UK Politics

The non-striker's view

Public sector workers are striking over proposed pension changes. The industrial action could involve up to two million people.

Some of those who voted against the strike have been explaining to the BBC News website why they made their decision and what they expect on Wednesday.

David - Teacher, Lancashire

Image caption Many schools will be affected by industrial action

Any strike should be the ultimate action that a union takes in order to get its point over. Currently the teaching unions are in negotiation with the government over pensions, those talks have not stalled or broken down therefore it seems strange that the teaching unions should be striking before talks have reached a deadlock. If it doesn't work then you have just fired the only bullet that you had.

Teachers have split into two factions: those that know the country has no money to pay for a pension scheme like the one we have, and those that 'have had it too good' and are hell bent on keeping it that way.

On Wednesday I will be attending work the same as any other day in one selfish way, it will be a time to catch up on some of the work that I have not had time to complete over the past few weeks.
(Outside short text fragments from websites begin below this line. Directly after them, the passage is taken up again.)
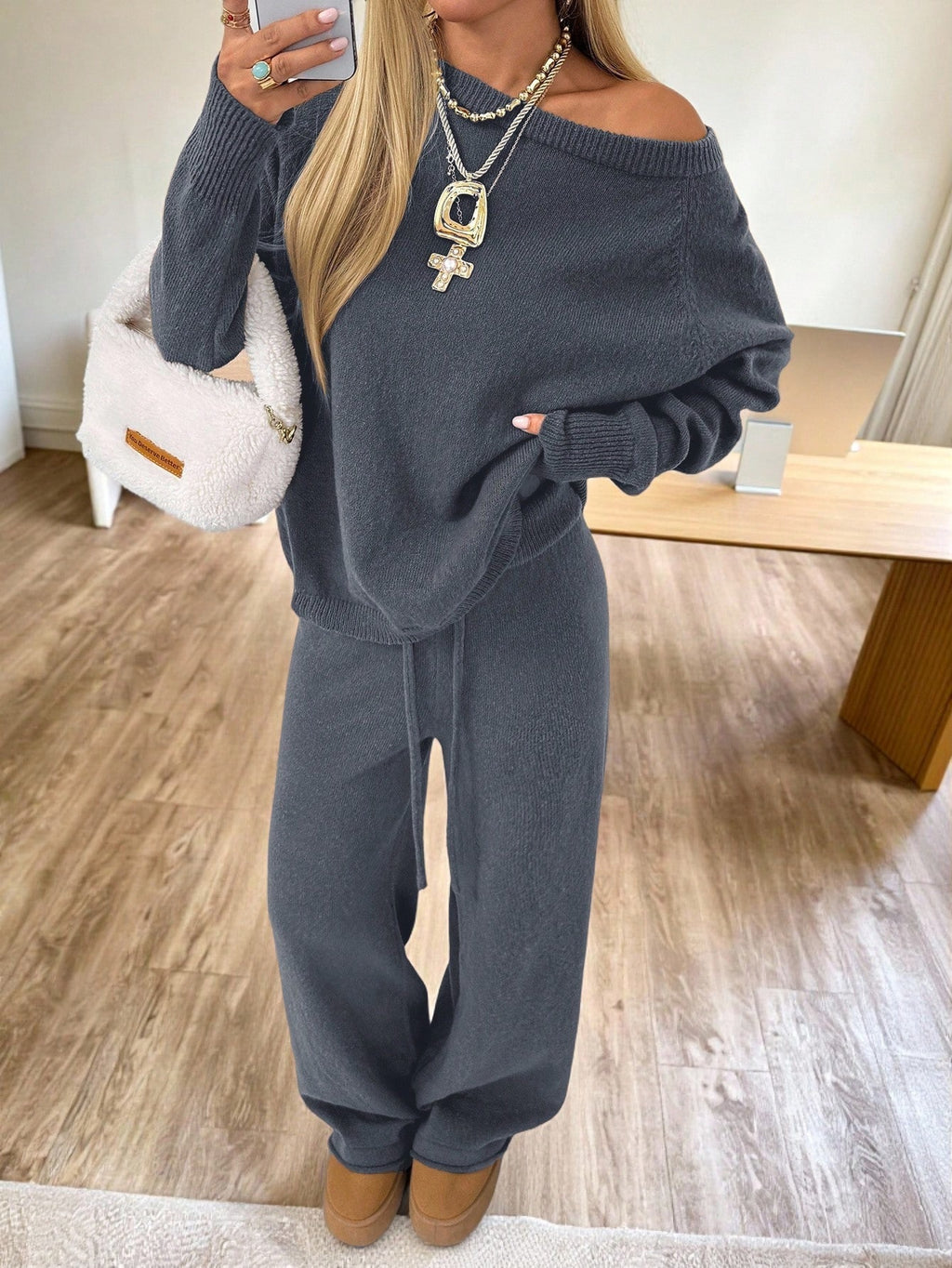 Loose-fitting long-sleeve wide-leg pants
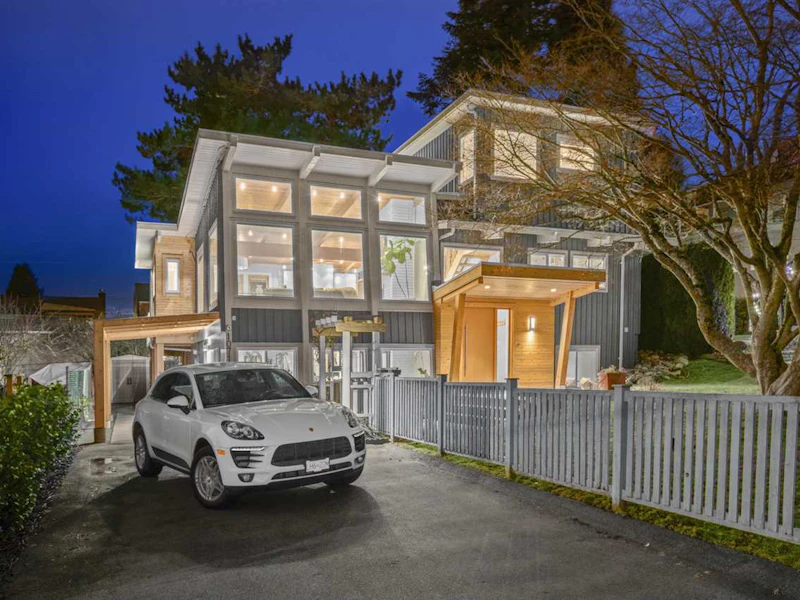 1071 Kent Street, Surrey BC V4B 4T2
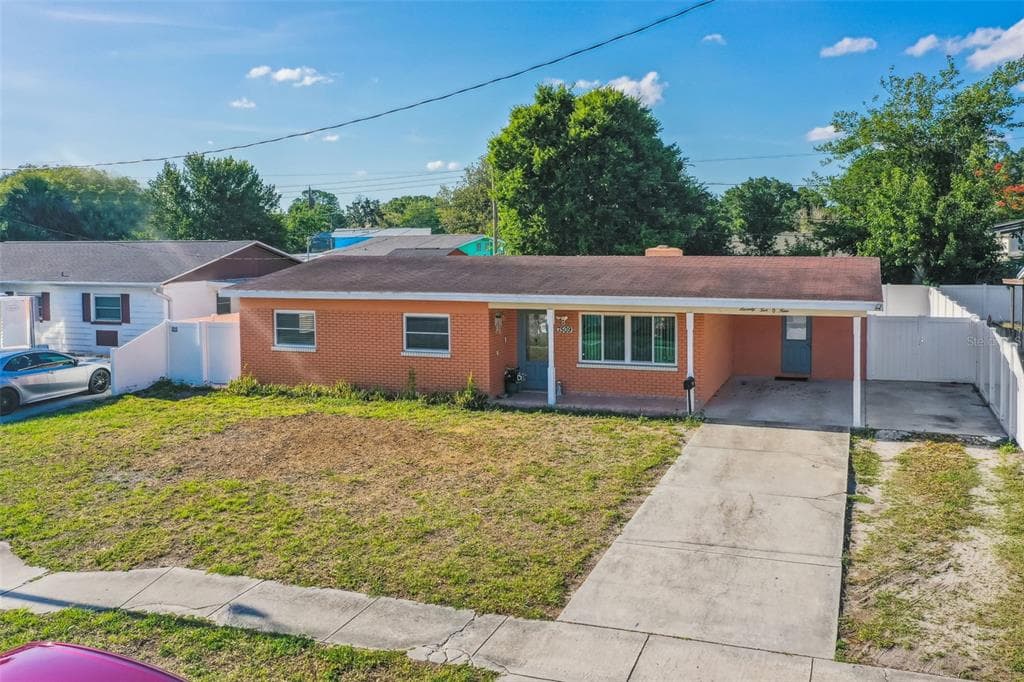 7509 W HENRY AVENUE TAMPA, FL 33615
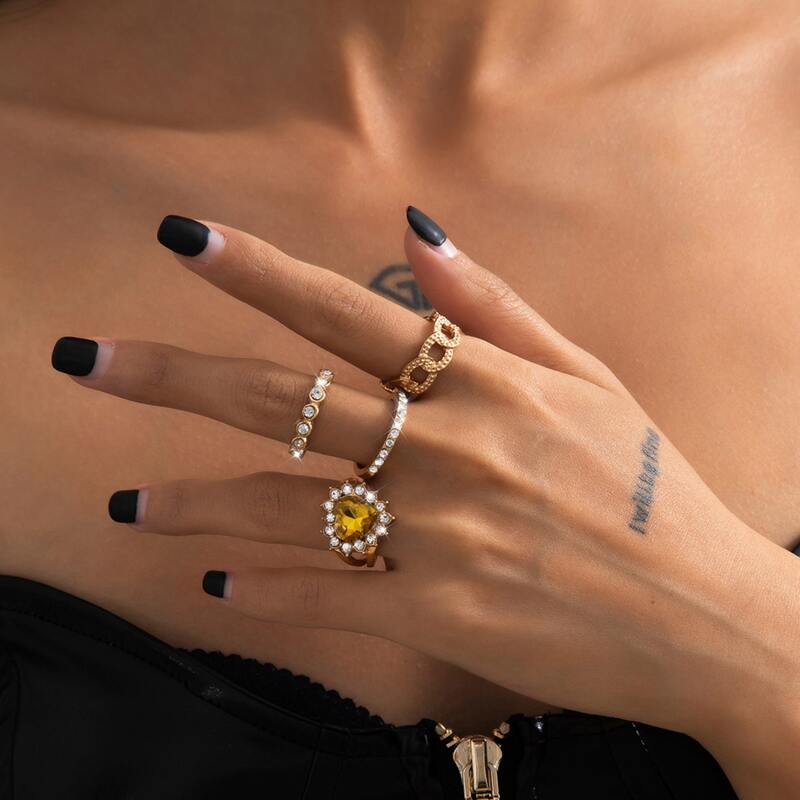 

4pcs Rhinestone Heart Ring, Gold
The biggest problem is that the people most affected by this action are not the Government but the students. Some classes are only seen twice in a fortnight and as one class has two lessons on Wednesday it means that I will not be teaching them for a long time.
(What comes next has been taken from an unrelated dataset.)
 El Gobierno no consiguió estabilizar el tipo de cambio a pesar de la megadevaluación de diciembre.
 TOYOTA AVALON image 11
The other people I feel sorry for are the auxiliary staff who will not be taking action on Wednesday as they cannot afford to lose a day's pay and a day's pension. y all accounts there will be about 20 teachers in school on Tuesday, approximately 30%, some defying their unions and breaking the strike action.

At least I will not have to walk through a picket line on Wednesday, the two union reps in the school have agreed with the head that the dispute is against the Government not the school. I will be glad when we can put this sorry state of affairs behind us and get back to teaching the students and negotiating properly with the Government.

Catherine Worral - Social care worker, Manchester

I have worked for the local council in Social Care for over twenty years now. I voted no for strike action, the same as I have always done. I just cannot bring myself to strike regardless whether I agree or not with the cause as in my job we support some of the most vulnerable in society on a daily basis.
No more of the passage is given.